This code repository contains the code for the experiments seen in the paper Fake it Till You Make it: Self-Supervised Semantic Shifts for Monolingual Word Embedding Tasks (2020).
This repository contains mainly Python3 routines and dependencies listed in requirements.txt. To install the dependencies using pip/venv, run:
pip3 install -r requirements.txt
After installing the requirements, run setup.sh to configure the environment and download the pre-trained word embeddings.
sh setup.sh
This will create the folders to store the results, and will download pre-trained vectors. The size of the download is approximately 500MB.
Alternatively, the pre-trained embeddings can be downloaded here.
Results for the classification task on detecting semantic shift between British English and American English.
** Requires the pre-trained word embeddings from BNC and COCA **
To reproduce these results, run:
chmod +x ukus_experiment.sh
./ukus_experiment.sh
By default, results are saved to results/ukus/cls_results.txt.
| Method | Alignment | Accuracy | Precision | Recall | F1 |
|---|---|---|---|---|---|
| COS | global | 0.35 | 0.71 | 0.19 | 0.3 |
| S4-D | global | 0.45 +- 0.02 | 0.45 +- 0.02 | 0.45 +- 0.02 | 0.45 +- 0.03 |
| Noisy-Pairs | - | 0.29 | 1.0 | 0.03 | 0.06 |
Results for the binary classification task on semantic shift for multiple languages (SemEval2020 Task 1): English, German, Latin, and Swedish.
** Requires the pre-trained embeddings from SemEval **
To reproduce these results:
chmod +x semeval_experiment.sh
./semeval_experiment.sh
By default, results are saved to results/semeval/cls_results.txt.
| Method | Language | Mean acc. | Max acc. |
|---|---|---|---|
| s4 | english | 0.62 | 0.7 |
| noise-aware | english | 0.61 | 0.65 |
| top-10 | english | 0.59 | 0.68 |
| bot-10 | english | 0.58 | 0.68 |
| global | english | 0.61 | 0.68 |
| top-5 | english | 0.59 | 0.65 |
| bot-5 | english | 0.57 | 0.68 |
Word discovery experiment on the arXiv data set for subjects Artificial Intelligence (cs.AI) and Classical Physics (physics.class-ph). This table shows the list of top semantically shifted words uniquely discovered by Global, Noise-Aware and S4-A alignments, respectively. As well as the most shifted words commonly discovered by all three methods.
** Requires the pre-trained embeddings from arXiv **
To reproduce these results:
chmod +x arxiv_experiment.sh
./arxiv_experiment.sh
The table of results is saved in results/arxiv/table.txt, the ranking correlation plot is saved in results/arxiv/arxiv_ranking.pdf.
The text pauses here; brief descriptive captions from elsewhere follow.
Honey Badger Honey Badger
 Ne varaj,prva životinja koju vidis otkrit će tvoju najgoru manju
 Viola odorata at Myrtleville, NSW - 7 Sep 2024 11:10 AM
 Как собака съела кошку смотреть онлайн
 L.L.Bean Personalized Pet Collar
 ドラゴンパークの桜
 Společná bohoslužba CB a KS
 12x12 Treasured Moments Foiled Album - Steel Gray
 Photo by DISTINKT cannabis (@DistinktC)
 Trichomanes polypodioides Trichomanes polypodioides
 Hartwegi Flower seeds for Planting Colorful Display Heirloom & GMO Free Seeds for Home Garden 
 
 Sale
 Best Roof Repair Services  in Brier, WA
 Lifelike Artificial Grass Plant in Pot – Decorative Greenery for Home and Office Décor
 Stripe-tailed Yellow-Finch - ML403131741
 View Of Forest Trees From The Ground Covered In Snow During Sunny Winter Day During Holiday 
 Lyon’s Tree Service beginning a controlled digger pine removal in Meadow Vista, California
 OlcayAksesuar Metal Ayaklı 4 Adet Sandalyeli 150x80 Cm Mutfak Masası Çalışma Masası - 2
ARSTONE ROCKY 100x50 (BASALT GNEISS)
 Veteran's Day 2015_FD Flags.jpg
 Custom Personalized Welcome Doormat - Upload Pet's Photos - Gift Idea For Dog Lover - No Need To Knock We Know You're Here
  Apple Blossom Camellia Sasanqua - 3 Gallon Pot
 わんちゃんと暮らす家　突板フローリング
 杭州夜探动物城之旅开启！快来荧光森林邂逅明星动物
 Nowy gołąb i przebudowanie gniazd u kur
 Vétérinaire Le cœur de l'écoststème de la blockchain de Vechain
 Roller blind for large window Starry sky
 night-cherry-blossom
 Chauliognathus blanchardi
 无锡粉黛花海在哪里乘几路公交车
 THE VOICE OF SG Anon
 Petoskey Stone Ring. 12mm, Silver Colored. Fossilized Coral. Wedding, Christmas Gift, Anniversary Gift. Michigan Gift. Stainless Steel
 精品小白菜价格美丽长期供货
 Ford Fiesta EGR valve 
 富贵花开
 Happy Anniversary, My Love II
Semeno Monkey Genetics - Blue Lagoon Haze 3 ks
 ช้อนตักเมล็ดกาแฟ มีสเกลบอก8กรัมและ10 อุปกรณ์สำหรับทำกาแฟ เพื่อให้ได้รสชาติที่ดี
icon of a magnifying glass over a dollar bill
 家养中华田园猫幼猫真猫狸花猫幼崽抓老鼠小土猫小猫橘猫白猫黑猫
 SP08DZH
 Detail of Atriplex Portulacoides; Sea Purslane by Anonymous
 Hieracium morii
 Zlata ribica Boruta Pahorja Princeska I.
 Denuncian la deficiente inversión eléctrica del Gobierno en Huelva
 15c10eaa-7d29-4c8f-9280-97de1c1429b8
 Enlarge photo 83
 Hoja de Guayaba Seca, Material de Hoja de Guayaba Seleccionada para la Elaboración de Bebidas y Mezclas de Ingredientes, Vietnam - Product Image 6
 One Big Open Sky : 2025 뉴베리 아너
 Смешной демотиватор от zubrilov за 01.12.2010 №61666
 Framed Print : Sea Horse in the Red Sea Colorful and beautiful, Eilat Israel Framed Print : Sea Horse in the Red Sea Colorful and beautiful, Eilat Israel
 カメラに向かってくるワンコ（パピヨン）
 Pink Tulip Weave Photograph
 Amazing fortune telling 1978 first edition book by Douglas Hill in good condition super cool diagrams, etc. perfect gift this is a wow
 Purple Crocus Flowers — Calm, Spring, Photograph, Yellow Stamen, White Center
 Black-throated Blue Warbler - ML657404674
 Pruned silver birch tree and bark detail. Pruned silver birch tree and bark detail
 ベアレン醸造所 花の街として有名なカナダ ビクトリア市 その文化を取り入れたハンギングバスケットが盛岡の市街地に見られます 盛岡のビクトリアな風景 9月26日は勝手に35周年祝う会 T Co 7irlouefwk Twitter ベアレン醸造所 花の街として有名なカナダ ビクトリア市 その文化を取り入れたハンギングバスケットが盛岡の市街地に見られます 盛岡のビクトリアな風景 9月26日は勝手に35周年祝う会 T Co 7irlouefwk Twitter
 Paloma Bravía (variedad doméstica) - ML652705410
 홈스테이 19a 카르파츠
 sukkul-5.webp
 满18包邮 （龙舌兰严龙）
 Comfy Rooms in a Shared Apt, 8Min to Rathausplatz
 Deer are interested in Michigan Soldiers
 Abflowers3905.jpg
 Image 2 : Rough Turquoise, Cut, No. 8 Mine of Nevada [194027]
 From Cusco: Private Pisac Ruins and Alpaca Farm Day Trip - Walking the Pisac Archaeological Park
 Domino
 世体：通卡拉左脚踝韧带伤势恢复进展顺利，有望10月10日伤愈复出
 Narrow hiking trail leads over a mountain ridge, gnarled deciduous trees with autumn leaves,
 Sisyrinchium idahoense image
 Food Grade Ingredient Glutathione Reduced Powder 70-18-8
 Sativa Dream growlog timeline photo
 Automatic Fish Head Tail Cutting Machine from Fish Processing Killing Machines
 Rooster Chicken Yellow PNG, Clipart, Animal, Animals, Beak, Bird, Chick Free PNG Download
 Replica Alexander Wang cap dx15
| Global | Noise-Aware | S4-A | Common | |
|---|---|---|---|---|
| agent | components | concepts | nodes | |
| approximation | element | density | phys | |
| boundary | mass | deterministic | polynomial | |
| conceptual | order | die | probability | |
| knowledge | solution | edge | respect | |
| plane | space | equations | rev | |
| reference | state | fields | rough | |
| rules | term | internal | rule | |
| system | time | light | tensor | |
| systems | vector | los | variables |